§ Task prompt
Write out the following listing's lines from the one with "Usata Hyundai i20" to the one with "Rado Rado Captain", exactly, with both included and no others.

§ Provided data

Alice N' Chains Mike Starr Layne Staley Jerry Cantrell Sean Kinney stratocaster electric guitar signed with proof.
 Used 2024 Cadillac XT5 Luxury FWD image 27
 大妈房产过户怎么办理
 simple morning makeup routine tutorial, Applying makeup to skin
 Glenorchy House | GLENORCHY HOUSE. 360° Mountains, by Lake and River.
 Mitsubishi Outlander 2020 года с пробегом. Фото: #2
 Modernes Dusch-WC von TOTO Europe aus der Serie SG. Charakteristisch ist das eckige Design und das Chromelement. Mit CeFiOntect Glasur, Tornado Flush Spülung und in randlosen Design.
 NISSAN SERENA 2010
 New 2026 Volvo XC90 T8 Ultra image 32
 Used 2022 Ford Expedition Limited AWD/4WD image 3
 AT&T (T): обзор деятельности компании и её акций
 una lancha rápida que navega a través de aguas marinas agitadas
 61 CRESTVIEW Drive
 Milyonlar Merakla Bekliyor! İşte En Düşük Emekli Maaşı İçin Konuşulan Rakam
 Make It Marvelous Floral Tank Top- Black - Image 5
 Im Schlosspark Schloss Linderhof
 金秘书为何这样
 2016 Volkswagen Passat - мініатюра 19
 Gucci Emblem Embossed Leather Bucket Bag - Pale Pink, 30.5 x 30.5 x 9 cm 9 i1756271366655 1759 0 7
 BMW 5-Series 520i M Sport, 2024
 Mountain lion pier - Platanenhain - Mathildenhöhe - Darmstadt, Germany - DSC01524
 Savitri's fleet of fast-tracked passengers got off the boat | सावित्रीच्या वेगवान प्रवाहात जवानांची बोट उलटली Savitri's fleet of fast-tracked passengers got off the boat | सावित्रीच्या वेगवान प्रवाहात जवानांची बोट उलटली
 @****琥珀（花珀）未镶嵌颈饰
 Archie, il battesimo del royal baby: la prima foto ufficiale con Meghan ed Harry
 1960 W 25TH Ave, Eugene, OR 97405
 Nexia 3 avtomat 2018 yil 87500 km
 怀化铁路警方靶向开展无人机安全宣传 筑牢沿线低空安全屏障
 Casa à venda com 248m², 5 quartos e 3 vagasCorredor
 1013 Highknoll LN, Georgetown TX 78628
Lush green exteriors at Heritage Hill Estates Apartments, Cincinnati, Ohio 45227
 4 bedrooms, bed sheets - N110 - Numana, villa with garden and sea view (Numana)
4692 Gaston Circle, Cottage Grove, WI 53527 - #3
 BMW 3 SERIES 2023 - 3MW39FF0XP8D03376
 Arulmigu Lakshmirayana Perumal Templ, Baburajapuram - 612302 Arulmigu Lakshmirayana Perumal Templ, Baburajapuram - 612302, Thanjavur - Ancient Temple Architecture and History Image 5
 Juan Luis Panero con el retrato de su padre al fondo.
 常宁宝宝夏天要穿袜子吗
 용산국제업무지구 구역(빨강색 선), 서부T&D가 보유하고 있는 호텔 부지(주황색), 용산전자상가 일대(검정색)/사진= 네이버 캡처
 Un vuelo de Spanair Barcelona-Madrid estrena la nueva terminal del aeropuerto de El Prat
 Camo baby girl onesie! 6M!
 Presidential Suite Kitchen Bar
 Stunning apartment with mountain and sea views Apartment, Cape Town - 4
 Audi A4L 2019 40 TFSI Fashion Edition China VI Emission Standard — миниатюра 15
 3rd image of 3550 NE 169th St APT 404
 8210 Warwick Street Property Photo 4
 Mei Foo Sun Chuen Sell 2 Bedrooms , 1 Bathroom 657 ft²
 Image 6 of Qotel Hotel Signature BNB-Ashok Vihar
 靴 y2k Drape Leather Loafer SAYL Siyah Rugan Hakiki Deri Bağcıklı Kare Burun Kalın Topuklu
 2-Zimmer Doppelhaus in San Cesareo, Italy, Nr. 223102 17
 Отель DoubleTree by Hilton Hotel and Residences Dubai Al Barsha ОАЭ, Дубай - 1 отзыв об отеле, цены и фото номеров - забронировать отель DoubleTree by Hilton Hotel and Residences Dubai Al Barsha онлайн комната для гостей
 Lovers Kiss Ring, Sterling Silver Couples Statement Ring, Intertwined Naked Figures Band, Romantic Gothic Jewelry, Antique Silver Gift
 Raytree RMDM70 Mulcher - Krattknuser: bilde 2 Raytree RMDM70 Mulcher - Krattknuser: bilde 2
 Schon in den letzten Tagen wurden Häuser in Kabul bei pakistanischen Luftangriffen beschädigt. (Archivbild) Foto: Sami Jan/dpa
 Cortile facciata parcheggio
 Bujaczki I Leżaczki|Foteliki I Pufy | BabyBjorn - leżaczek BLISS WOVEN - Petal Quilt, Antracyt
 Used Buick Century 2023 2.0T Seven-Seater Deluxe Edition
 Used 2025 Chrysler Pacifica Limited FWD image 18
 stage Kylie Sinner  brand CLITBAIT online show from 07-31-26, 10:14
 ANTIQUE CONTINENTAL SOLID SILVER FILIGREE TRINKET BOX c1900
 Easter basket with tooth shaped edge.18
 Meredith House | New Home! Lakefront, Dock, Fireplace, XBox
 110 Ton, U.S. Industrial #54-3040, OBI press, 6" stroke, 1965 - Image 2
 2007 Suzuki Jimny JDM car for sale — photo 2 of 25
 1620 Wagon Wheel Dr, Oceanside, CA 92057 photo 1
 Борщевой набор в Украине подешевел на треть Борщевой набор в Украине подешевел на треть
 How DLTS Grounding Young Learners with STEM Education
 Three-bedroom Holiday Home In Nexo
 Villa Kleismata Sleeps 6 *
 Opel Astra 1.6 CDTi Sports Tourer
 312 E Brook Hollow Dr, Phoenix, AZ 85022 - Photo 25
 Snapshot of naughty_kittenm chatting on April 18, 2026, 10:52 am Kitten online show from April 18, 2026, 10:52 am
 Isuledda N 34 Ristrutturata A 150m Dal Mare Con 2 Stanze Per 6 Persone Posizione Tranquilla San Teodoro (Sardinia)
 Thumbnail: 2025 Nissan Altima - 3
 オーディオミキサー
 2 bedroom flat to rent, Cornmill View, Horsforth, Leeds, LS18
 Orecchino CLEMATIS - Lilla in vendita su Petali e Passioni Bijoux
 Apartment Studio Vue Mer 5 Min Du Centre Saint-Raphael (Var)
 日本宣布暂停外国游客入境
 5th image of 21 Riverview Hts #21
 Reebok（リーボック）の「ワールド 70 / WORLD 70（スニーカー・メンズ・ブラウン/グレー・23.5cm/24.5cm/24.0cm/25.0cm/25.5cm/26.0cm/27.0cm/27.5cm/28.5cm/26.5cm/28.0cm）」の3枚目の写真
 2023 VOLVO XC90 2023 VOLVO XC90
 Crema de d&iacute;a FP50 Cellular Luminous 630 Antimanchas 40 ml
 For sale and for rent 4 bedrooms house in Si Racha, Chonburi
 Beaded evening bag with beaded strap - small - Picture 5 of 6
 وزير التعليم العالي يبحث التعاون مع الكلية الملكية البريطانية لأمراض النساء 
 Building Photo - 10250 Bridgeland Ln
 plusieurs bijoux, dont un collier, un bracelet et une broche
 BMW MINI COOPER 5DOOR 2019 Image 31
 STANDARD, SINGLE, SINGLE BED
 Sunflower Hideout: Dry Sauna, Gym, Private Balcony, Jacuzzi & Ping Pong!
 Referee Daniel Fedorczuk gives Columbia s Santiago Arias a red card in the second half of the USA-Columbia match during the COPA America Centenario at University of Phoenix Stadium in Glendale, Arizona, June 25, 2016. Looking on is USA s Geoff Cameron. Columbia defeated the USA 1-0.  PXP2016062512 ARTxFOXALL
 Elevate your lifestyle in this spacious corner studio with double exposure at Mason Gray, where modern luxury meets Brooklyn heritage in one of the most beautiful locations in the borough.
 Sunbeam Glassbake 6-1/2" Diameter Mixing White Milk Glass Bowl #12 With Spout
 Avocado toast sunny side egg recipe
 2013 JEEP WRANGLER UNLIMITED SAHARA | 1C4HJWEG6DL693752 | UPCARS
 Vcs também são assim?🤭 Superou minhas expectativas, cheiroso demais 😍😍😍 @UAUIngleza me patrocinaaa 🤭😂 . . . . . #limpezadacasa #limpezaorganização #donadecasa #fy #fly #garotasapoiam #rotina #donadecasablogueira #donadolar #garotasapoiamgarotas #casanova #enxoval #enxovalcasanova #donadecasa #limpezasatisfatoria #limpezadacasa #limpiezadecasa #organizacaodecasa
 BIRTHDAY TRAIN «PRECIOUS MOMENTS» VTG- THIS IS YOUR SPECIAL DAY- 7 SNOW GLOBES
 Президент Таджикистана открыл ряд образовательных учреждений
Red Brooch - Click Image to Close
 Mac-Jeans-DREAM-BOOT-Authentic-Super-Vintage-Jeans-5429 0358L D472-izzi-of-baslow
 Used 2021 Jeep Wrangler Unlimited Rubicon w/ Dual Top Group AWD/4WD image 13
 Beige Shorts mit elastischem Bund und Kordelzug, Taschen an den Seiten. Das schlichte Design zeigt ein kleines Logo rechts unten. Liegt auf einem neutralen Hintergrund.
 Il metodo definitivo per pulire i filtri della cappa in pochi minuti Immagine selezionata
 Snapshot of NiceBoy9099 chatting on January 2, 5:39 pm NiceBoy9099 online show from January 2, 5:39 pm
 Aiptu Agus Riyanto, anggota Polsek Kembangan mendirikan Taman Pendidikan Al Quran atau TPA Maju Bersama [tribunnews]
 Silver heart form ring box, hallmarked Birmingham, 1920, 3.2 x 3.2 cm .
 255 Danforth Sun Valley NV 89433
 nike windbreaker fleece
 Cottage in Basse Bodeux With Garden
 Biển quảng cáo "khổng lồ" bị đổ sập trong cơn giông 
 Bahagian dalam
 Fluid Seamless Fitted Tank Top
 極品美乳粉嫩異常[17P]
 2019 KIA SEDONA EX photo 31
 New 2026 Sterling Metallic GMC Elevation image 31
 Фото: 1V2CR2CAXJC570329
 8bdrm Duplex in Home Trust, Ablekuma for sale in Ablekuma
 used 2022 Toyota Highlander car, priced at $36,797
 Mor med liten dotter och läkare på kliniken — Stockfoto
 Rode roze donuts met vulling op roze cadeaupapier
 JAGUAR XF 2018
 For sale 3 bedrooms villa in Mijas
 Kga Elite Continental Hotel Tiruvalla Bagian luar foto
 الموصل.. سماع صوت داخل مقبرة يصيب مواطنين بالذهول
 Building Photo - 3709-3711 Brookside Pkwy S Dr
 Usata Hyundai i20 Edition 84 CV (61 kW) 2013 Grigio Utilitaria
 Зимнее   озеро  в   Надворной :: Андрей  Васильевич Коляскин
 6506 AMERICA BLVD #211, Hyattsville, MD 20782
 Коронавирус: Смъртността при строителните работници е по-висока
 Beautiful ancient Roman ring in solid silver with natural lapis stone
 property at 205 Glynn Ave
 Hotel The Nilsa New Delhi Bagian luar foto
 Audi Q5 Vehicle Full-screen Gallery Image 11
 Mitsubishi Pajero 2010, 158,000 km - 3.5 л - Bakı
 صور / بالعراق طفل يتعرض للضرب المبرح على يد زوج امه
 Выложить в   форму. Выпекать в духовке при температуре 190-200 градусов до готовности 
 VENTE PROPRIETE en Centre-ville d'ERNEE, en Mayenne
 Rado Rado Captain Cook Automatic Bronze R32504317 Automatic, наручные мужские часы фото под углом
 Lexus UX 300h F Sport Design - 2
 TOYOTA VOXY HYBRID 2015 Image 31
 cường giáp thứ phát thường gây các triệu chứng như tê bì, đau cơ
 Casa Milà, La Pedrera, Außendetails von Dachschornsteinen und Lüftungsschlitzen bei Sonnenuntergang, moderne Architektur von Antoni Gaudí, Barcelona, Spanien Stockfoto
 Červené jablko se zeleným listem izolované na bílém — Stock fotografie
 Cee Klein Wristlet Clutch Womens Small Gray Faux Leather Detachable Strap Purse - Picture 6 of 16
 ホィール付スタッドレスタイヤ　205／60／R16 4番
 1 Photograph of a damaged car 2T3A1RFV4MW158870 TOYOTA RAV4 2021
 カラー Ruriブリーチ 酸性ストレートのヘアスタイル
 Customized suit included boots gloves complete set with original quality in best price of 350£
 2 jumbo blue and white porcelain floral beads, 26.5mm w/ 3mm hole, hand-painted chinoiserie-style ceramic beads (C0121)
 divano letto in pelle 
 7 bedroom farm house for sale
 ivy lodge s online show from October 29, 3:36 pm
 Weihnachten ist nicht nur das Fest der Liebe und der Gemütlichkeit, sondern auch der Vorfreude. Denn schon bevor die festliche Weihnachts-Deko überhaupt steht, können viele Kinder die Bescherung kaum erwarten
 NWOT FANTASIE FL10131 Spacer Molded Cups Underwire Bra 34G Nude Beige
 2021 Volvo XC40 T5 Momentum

§ Output for this task
 Usata Hyundai i20 Edition 84 CV (61 kW) 2013 Grigio Utilitaria
 Зимнее   озеро  в   Надворной :: Андрей  Васильевич Коляскин
 6506 AMERICA BLVD #211, Hyattsville, MD 20782
 Коронавирус: Смъртността при строителните работници е по-висока
 Beautiful ancient Roman ring in solid silver with natural lapis stone
 property at 205 Glynn Ave
 Hotel The Nilsa New Delhi Bagian luar foto
 Audi Q5 Vehicle Full-screen Gallery Image 11
 Mitsubishi Pajero 2010, 158,000 km - 3.5 л - Bakı
 صور / بالعراق طفل يتعرض للضرب المبرح على يد زوج امه
 Выложить в   форму. Выпекать в духовке при температуре 190-200 градусов до готовности 
 VENTE PROPRIETE en Centre-ville d'ERNEE, en Mayenne
 Rado Rado Captain Cook Automatic Bronze R32504317 Automatic, наручные мужские часы фото под углом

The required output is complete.